| TASK INSTRUCTIONS |
Your output should be the lines below from the one with "and Standard Base" through the one with "Vista 10 de", copied exactly, pictures excluded.

*** Opening RECORDS FOR THE EXERCISE ***

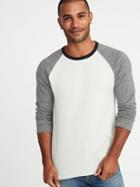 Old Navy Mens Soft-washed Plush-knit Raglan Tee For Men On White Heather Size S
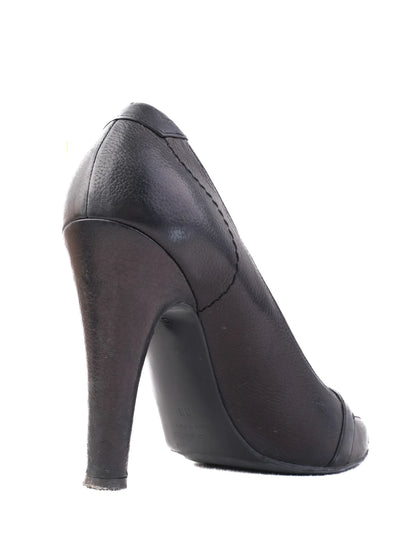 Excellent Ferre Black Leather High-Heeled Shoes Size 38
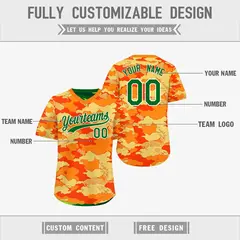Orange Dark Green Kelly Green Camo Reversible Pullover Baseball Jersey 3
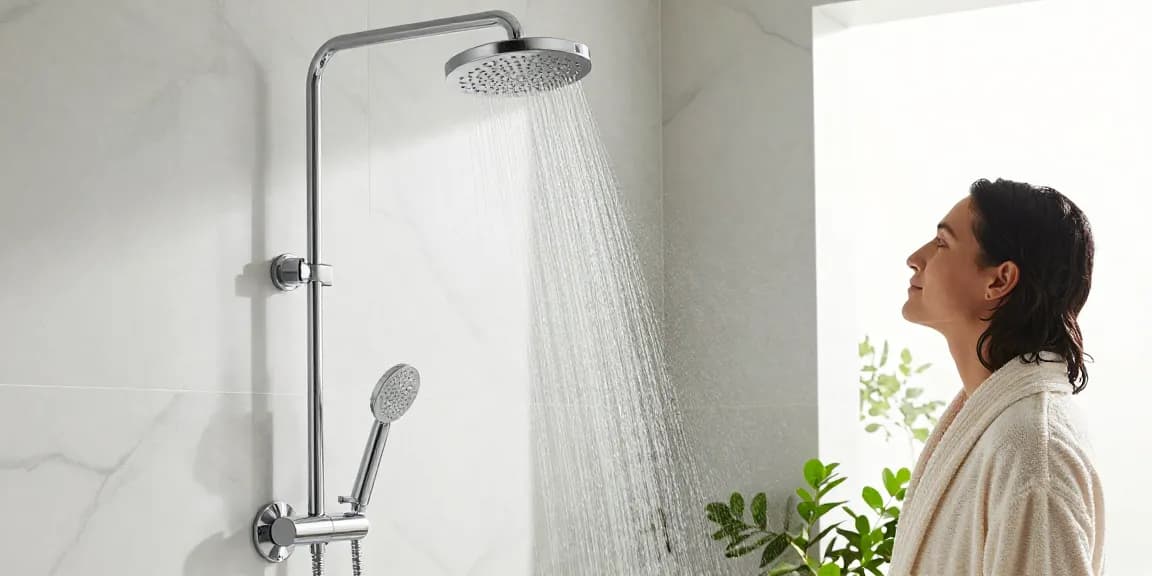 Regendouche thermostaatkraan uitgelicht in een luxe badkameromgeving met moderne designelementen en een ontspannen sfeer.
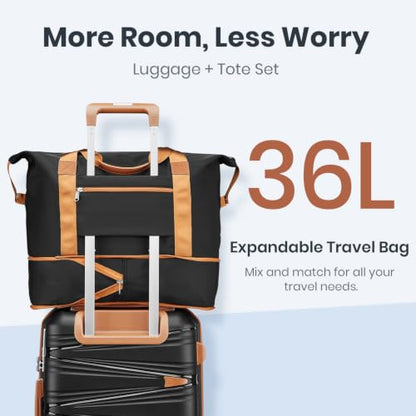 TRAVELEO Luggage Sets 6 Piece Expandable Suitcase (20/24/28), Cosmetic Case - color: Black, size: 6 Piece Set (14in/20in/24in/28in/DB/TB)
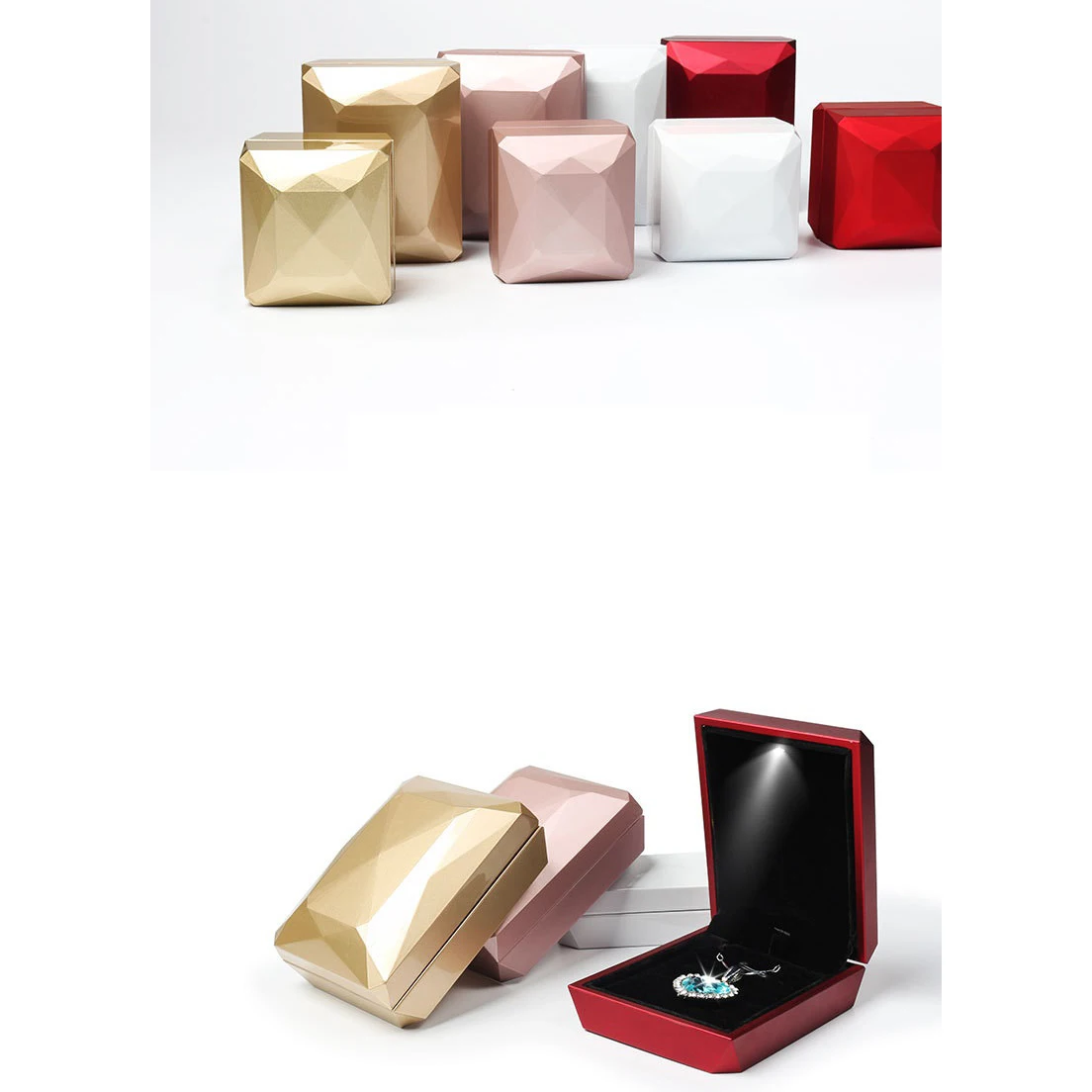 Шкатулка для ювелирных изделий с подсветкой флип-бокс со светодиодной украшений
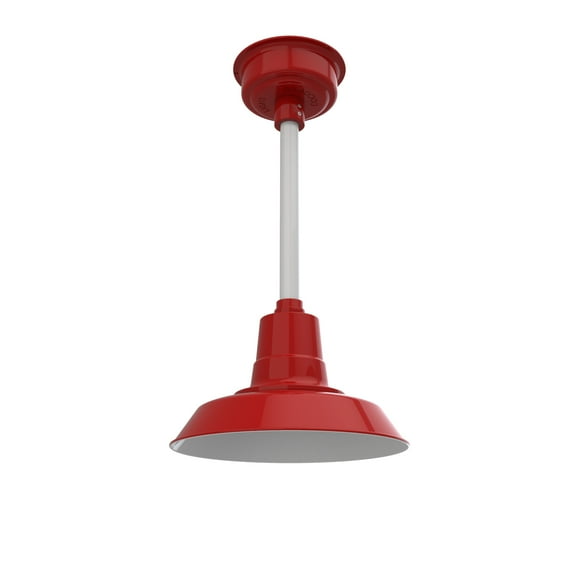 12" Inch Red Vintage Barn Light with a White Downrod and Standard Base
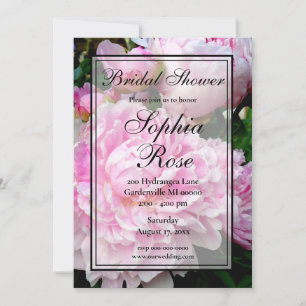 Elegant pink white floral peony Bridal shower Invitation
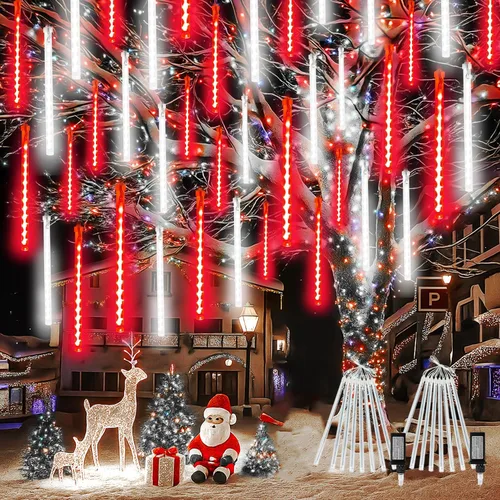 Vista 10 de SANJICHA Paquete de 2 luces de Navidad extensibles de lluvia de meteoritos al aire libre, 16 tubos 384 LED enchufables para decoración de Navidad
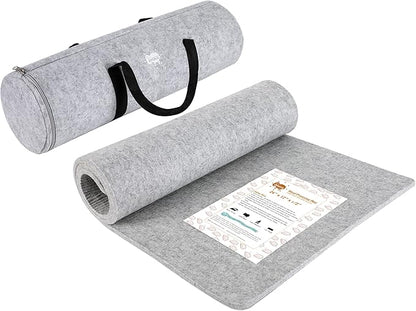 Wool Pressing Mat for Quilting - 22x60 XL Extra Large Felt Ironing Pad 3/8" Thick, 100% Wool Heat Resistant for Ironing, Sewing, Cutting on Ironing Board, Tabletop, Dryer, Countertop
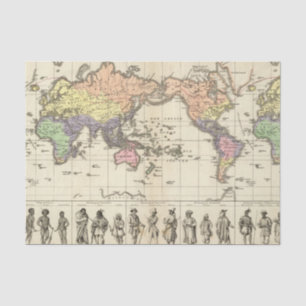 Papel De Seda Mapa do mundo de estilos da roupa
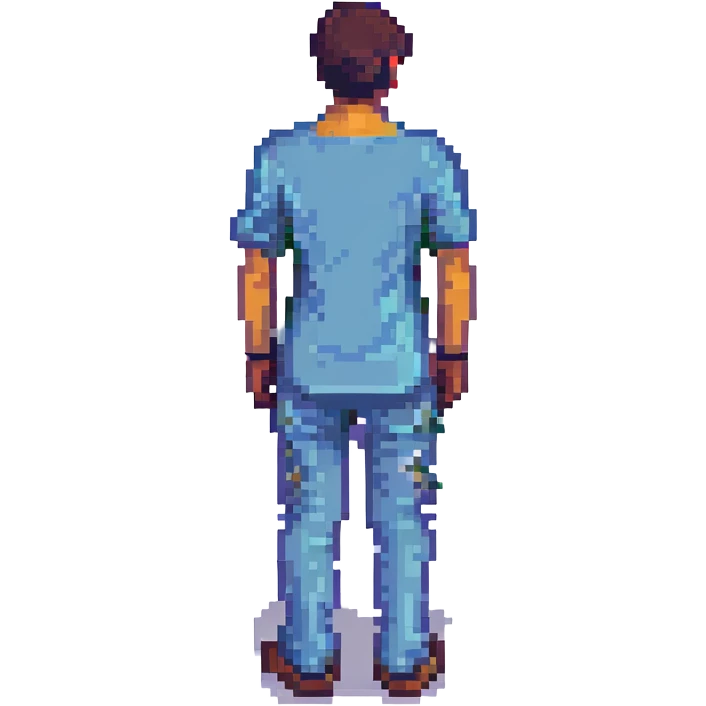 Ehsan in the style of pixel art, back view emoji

*** Closing RECORDS FOR THE EXERCISE ***

| RESPONSE BELOW |
 12" Inch Red Vintage Barn Light with a White Downrod and Standard Base
 Elegant pink white floral peony Bridal shower Invitation
 Vista 10 de SANJICHA Paquete de 2 luces de Navidad extensibles de lluvia de meteoritos al aire libre, 16 tubos 384 LED enchufables para decoración de Navidad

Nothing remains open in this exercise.